That being said, it's the only bad thing I have to say about the car; it's over 230k now and just recently had its first new DMF and runs like new. The Mondeo I had before then had the DMF fail at 90k (I converted it to a solid flywheel after that) and the injectors failed at 200k. It was constantly throwing spooky electrical faults and just drove like shit. That was my first and last Ford (apart from the Escort 1300XL I got for £30 when I was 17).
 
Well I ended up spending way more then I planned on ICE and I'm not paying for fitting. Collecting it later today. Should certanly be an improvement over the standard Mondeo kit (which tbh isn't awful as fitted car stereos go).
 
Well it's got a very impressive stereo in it now compared to factory. Went for some nice door speakers for the front as well so total cost about £400 despite the free fitting, but I'm planning on keeping the car for years.
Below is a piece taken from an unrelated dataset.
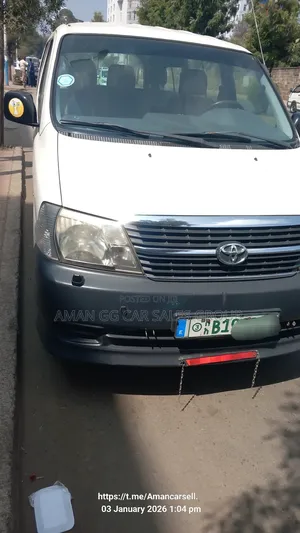 Toyota HiAce 2011 White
Except the fucking clutch failed. I didn't think this was something common in modern cars. The three year labour warranty it came with me was just as well as apparently it was about 10 hours on the ramp. Except it cost £440 for a complete new clutch unit and I'm feeling pretty fucking brassic at the moment.

There is probably a life lesson there somewhere.
 
I am afraid clutches don't last for ever. My last car had two during my ownership of it and my current (low mileage) car had a new clutch just a couple of months before I got it.
 
That must have included a new flywheel too at that price (and that mileage), no?

I believe so, although I've yet to see the bill as my Dad did the sorting out for me as I've been away for the last week.

Frustrating thing is for all it's rattles and unpleasantness to drive long distances, my Berlingo never gave me such a repair bill.
 
It's easy to get had over on used Audis. They're virtually the same as a Passat anway.

Do not buy a Chrysler anything.

A few months out of date there ;)

Actually despite being gutted about my clutch failing, it's kinda made me glad I got a newer lower millage ford for a similar cost. On a 9 year old car things will go wrong and parts for German cars cost more.